頻繁に改正が行われている電子帳簿保存法ですが、実は今年(2020年)も改正があります。

施行日は2020年10月1日となっており、その改正内容は以下の通りとなっています。

 

2020年改正内容

1.タイムスタンプの省略
これまで、請求書などを電子データ(PDFなど)で受領した場合、発行者側がタイムスタンプを付与していても受領者側のタイムスタンプが必要であったが、今後は発行者側のタイムスタンプがあれば、受領者側のタイムスタンプが不要となる。
2.新設の規定
ユーザーによるデータ改編ができないクラウド会計ソフトや経費精算サービスを利用すれば、タイムスタンプの付与が不要となる。

 

基本的に改正内容としては、規制を緩和する方向にあり、利用者にとってはますます便利な内容となっている事が分かります。

2022年1月1日からの改正内容

それでは次に、2022年1月1日からスタートする改正内容についても見ていきましょう。

税務署長の事前承認制度の廃止

まずは、税務署長の事前承認制度の廃止について。

これまでは、電子帳簿保存の適用を受けるために、3カ月前までに税務署長から事前承認を受けなければなりませんでしたが、今回の改正で、これがすべて撤廃されることになりました。

とは言え、帳簿の電子保存が認められるためには、従前どおり一定の条件を満たしたソフトウェアなどを使用しなくてはいけませんから、この点は勘違いしないようにしましょう。

システム要件の緩和と、優良保存要件の新設

そして次が、システム要件の緩和と、優良保存要件の新設について。

これまで、事前承認制度において、その使用するソフトウェアなどの確認などが厳格化されていました。

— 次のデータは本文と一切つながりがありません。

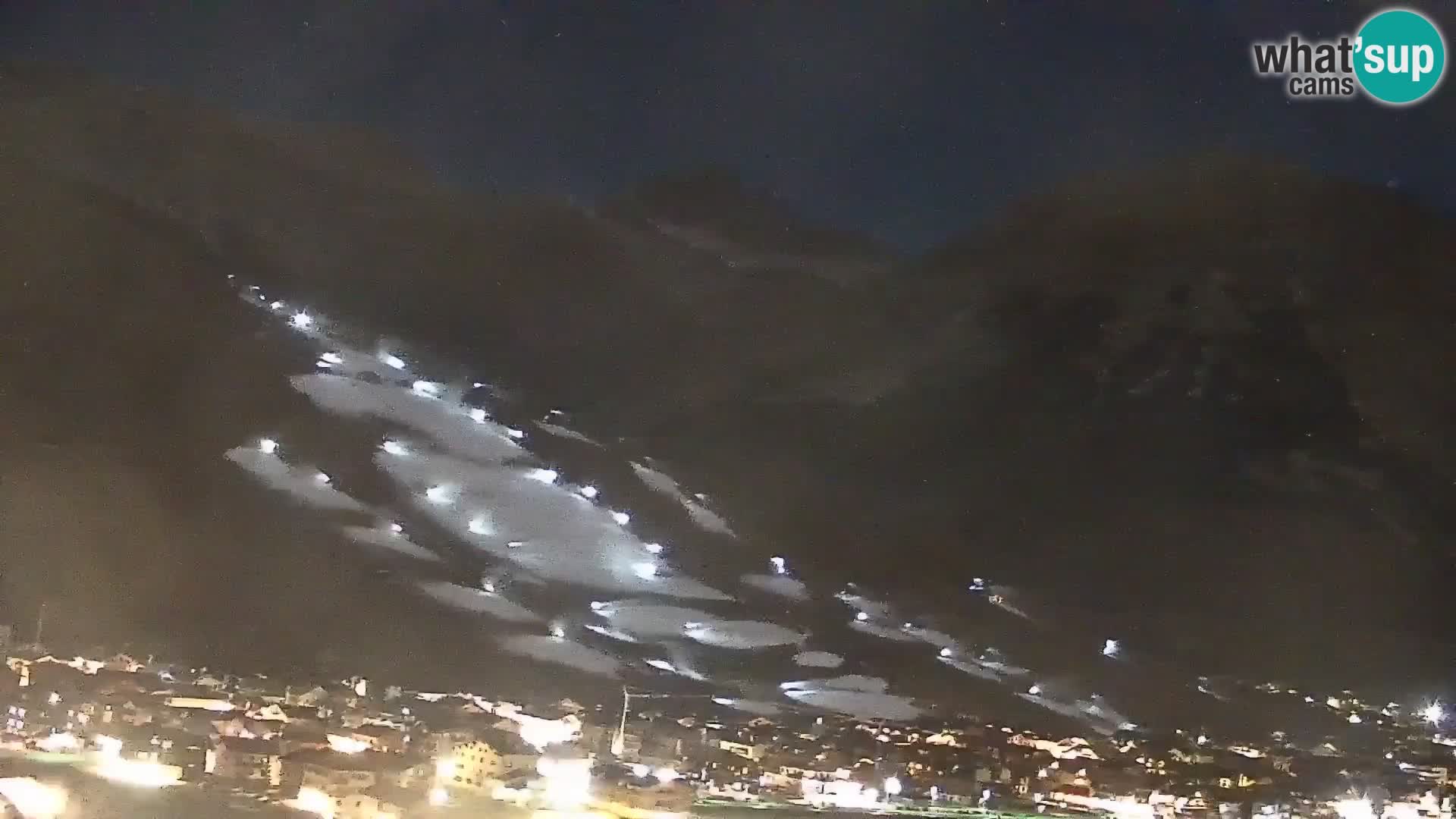 Spletna kamera Livigno panorama | pogled iz hotela Teola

ところが今回の改正によってこれが撤廃されたため、ほとんどすべての企業が電子帳簿保存の対象となる事になりました。

すると、中小企業などはそれに対応できない可能性があるため、使用するシステムの条件を緩和する事でそれに対応する事が出来るようになったのです。

しかし、これまで厳格な要件に対応していた企業にとっては不公平感も残りますから、厳格な保存要件に対応している企業は「優良」と認め、例えば、優良企業が申告漏れがあったとしても、過少申告加算税が5%軽減される措置が整備されることになりました。

タイムスタンプの要件緩和

次が、タイムスタンプの要件緩和について。

これまでスキャナ保存の場合、「受領者が自署」した上で「3営業日以内にタイムスタンプを付与」しなくてはいけませんでしたが、これが緩和され、自署が不要となり、更に「最長約2ヶ月と概ね7営業日以内」に変更されました。

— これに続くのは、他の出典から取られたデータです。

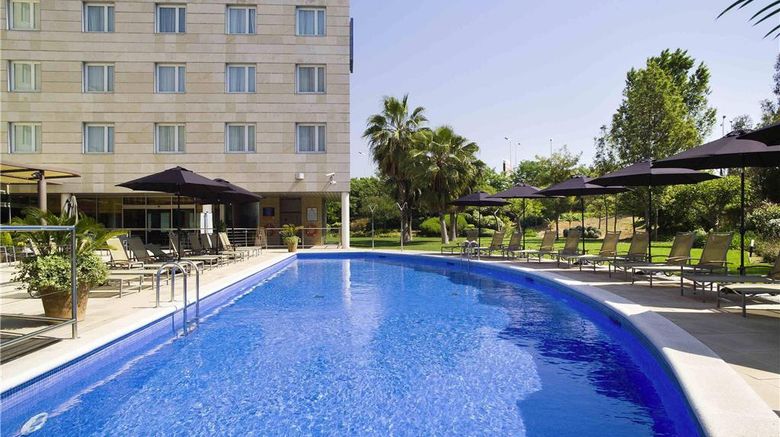 <b>Novotel Barcelona Cornella Pool</b>. Images powered by <a href="https://iceportal.shijigroup.com/" title="IcePortal" target="_blank">IcePortal</a>.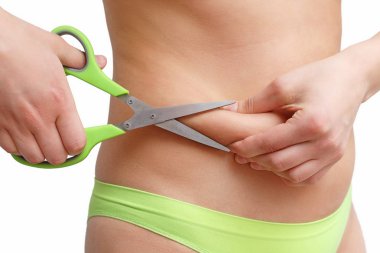 şişman kadın beyaz arka plan üzerinde izole oryantal şişman liposuction kavramı kesmek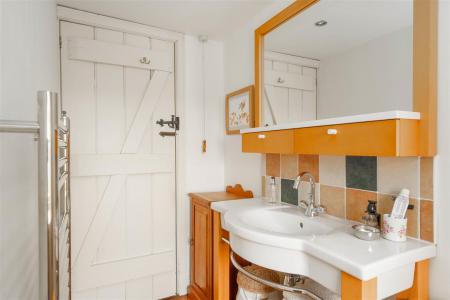Bathroom1-4.jpg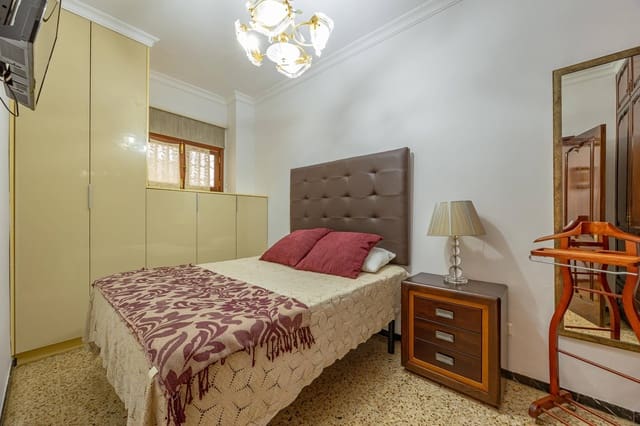 1 Zimmer Wohnung zu verkaufen in Las Palmas de Gran Canaria mit Garage - 259.000 € (Ref: 9755691)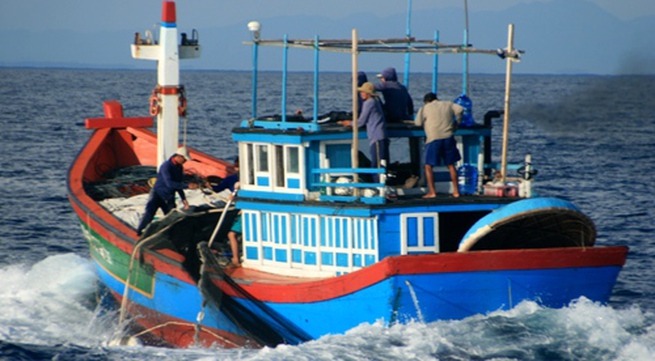 Communications equipment offered to fishermen in coastal provinces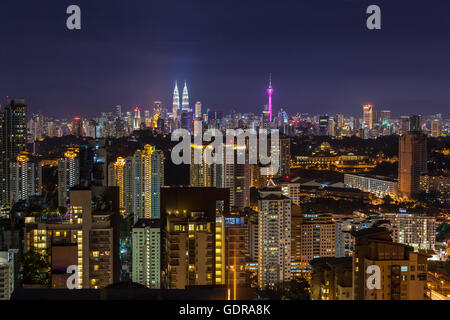 Kuala Lumpur City skyline percutant allumé à la tombée de la nuit, vue de l'ouest Banque D'Images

また、電磁的記録について訂正又は削除を行った場合に、「これらの事実及び内容を確認できるクラウド等」において、「入力期間内にその電磁的記録の保存を行った事を確認することが出来るとき」は、タイムスタンプの付与に代えることが出来るようになりました。

電子取引データ保存の義務化

そして次が、電子取引データ保存の義務化について。

もともとこれまでも、電子取引データ(例えば、請求書や領収書など)の保存が認められており、またその書類をプリントアウトして紙における保存が認められていましたが、今後は全て電子データにて保存しなくてはいけない事となりました。

公益社団法人日本文書情報マネジメント協会(JIIMA)とは?

先ほども登場した「公益社団法人日本文書情報マネジメント協会(JIIMA)」ですが、この協会は文書情報マネジメントの普及啓発を目的として設立された公益社団法人となっています。

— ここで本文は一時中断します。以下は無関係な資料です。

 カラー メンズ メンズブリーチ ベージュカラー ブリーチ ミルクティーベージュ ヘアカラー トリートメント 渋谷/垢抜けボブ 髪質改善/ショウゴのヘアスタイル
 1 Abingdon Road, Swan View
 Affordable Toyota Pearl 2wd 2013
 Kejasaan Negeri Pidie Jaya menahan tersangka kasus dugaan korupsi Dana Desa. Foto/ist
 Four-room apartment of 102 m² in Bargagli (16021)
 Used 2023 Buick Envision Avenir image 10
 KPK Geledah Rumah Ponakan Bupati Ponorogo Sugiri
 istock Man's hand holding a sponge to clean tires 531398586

厳密に言えば、複合機メーカーや会計ソフト会社などが参加する「業界団体」とも言えますが、文書情報管理士や文書情報マネージャーといった資格を認定する事業も行っていますので、実質的にもこうした「文書のIT化」を推進する役割を担っている団体であると言えます。

では、このJIIMAと電子帳簿保存法にどういった関係があるかというと、前述した通り、JIIMAが認定したソフトを利用すれば、電子帳簿保存法における申請について記載を簡略化出来たり、添付書類を省略する事が可能となります。

要は、「JIIMAのお墨付きがあるソフトを利用すれば、申請も簡単になりますよ」という事です。

利用者側にしてみれば、税務署に申請しても認められない可能性があるソフトを使うより、必ず申請が認められるソフトを利用したほうが便利ですよね。

ですから各ソフト会社は、自社のソフトがJIIMAに認証されれば利用者も増える事に繋がる訳ですが、現状、JIIMAに認証されているメーカーというのはそれほど多くはありません。

もちろんJIIMAに認証されていないソフト等でも税務署に承認される事もありますが、出来るだけ面倒なことは避けたいところです。

そこで現在(2021年2月時点)において、このJIIMAに認証されている代表的なソフト等についてもご紹介します。「電子データ保存」「スキャナ保存」でそれぞれ認証ソフトが異なりますから、項目ごとに説明していきます。

JIIMAが認証している「電子帳簿ソフト」

まずは「電子帳簿ソフト」から。

電子帳簿というくらいですから、これらのソフトは「会計ソフト」であることが多く、会計ソフト以外で認証されているソフトなると「その派生製品」といった位置づけになります。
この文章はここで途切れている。